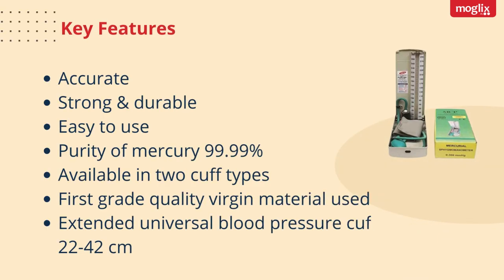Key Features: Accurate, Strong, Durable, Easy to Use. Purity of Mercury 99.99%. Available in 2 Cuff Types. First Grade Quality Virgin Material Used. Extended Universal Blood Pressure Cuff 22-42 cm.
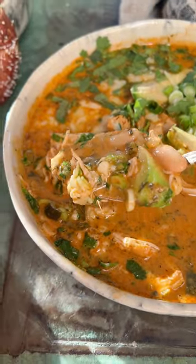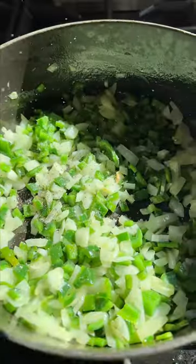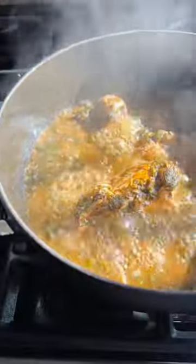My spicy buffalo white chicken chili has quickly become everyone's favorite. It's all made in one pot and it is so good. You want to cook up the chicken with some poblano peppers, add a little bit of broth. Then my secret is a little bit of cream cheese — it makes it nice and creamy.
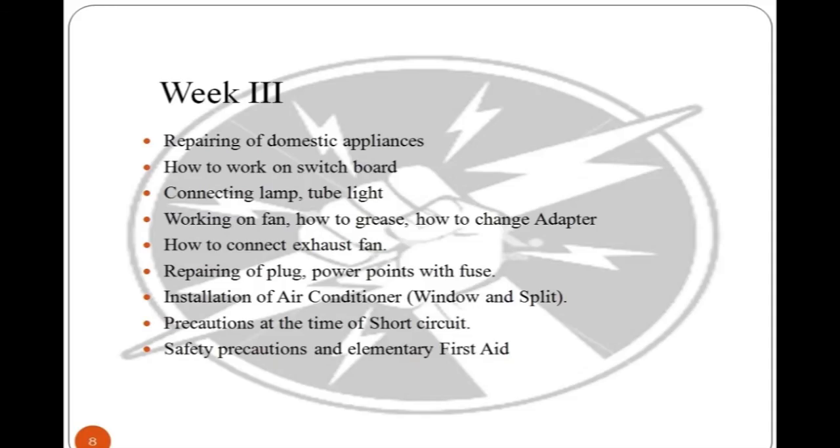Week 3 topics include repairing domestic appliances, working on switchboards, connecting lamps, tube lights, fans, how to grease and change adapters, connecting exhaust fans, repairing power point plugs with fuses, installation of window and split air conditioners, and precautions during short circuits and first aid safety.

...

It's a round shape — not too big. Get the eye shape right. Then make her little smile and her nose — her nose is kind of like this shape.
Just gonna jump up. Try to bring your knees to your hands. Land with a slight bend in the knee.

* * *

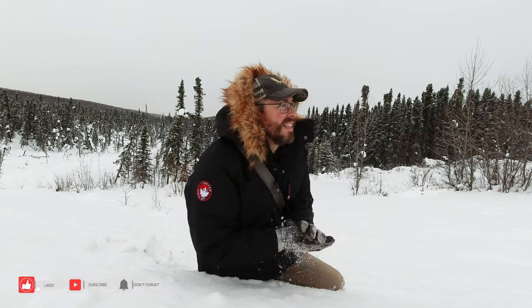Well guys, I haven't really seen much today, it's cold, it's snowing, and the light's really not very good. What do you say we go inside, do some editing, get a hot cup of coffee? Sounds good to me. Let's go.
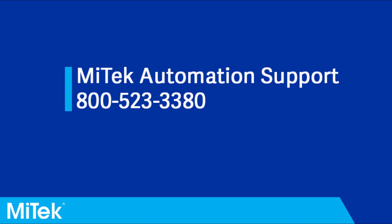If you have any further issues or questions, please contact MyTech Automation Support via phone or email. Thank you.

Aim of the task: Look above for the line with "Well guys, I" and the line with "If you have". Copy them and every line between, exactly, but no pictures.

Task output:
Well guys, I haven't really seen much today, it's cold, it's snowing, and the light's really not very good. What do you say we go inside, do some editing, get a hot cup of coffee? Sounds good to me. Let's go.
If you have any further issues or questions, please contact MyTech Automation Support via phone or email. Thank you.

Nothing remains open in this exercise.